グランジエ家の人々はエリクにもしマリアンヌにアレンの事を聞かれたら現状を正直に話すようにと言われたのだ。理由は『生きてる、だけだったら変な希望を抱くでしょう。間違った認識は狂気に繋がりますから。辺境で狂気は命取りです。……アレン自身が教えてくれましたね』、と。皆、それはわかり切った話でエリクの言葉に納得した。動けるようになったマリアンヌにふらふらと魔の森をうろつかれたくない。
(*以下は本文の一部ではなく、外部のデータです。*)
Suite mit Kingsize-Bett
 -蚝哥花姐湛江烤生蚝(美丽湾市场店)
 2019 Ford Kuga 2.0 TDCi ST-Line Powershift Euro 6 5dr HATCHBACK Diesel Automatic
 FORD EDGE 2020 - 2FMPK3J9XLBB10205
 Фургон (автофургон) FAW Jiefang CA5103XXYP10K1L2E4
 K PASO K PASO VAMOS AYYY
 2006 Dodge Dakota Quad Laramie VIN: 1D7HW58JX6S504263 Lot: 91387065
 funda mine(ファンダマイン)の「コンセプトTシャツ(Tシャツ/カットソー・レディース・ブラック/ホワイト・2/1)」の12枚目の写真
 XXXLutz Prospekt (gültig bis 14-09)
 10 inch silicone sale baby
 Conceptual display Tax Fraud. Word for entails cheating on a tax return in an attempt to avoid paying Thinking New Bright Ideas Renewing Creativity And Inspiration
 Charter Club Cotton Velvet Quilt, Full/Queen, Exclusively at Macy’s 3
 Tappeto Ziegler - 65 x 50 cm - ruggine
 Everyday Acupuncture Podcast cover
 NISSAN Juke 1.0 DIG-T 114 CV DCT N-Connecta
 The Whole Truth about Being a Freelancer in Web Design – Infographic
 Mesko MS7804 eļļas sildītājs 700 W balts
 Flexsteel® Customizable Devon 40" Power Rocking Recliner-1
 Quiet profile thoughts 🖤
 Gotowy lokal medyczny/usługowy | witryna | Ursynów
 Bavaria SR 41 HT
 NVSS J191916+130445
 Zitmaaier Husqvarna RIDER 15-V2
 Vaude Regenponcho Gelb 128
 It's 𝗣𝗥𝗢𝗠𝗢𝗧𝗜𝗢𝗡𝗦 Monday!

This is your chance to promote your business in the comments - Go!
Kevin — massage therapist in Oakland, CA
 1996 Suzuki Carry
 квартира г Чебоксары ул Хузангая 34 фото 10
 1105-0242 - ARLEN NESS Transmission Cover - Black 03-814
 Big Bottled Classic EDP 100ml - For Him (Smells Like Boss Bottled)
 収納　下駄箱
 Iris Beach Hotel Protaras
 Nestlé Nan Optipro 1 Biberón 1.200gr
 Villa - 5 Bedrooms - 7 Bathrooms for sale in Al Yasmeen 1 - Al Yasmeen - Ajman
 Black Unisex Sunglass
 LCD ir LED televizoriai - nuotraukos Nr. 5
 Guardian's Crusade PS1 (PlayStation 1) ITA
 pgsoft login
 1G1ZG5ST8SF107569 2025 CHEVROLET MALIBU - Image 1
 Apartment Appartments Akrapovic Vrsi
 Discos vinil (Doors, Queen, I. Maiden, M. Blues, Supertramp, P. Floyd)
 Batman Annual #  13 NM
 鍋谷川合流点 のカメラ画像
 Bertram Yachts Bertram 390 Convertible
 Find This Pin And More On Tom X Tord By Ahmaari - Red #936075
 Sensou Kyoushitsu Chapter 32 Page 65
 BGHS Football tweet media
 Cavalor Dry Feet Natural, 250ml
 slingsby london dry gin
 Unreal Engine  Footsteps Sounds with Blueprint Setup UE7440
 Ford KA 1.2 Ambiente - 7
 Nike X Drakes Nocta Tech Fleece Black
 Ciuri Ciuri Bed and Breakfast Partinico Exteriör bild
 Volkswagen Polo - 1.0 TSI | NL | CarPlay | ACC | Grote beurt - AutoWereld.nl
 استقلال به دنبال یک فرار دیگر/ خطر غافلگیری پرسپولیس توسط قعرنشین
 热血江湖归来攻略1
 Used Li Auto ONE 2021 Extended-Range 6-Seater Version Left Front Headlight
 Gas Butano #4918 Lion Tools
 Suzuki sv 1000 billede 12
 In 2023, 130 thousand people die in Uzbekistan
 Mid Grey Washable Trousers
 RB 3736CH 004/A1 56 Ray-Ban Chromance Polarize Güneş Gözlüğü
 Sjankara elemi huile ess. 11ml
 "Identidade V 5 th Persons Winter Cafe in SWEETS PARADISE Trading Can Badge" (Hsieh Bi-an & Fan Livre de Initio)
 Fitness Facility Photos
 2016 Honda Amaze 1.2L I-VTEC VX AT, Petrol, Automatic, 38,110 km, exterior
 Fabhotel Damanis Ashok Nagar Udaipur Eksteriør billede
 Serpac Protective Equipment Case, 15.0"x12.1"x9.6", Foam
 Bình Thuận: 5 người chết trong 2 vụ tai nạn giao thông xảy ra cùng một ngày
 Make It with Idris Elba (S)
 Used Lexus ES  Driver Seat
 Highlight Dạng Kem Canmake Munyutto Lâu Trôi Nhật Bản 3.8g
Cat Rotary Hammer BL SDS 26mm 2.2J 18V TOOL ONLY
 後でマリアンヌがマドレーヌにアルノー家の事を聞いたと知ったフロランはまた爆発していた。それ以降、フロランはマリアンヌの顔を見ないように生活し、実質マリアンヌが若くに亡くなるまで一度も顔を合わせなかった。次のマリアンヌとフロランの再会は葬式の時であった。この後、マリアンヌは10年程度で祖母よりも先に亡くなる。祖母は『アルノーの長男が連れて行っちゃったのかもね』と呟いた。



 エマが北を意味する石を代える日、陛下がへろって転移してくる。この位置への転移は既に羊皮紙に描いた陣がなくても出来るようになったという。頭の中に正確に陣を再構築できる、と言う事なのでなかなか高度な技だが陛下は出来て当たり前じゃないの?という態度であった。

「ほら、見たまま頭の中に再現すればいいだけなんだから」

「んなもん、簡単にできるか」

グランサニュー公爵も参加していた。アルもいる。陛下は執務中を抜けて来たのかシャツ一枚の軽装でくしゃみを連発する。

「父上、お寒いでしょう」

アルが頭からかぶっていた皮のチュニックを脱いで父親に渡す。陛下はむやみと嬉しそうだ。

「もう俺より肩幅も広いし手も長いんだな」

チュニックを着ながら陛下はそんなことを呟いた。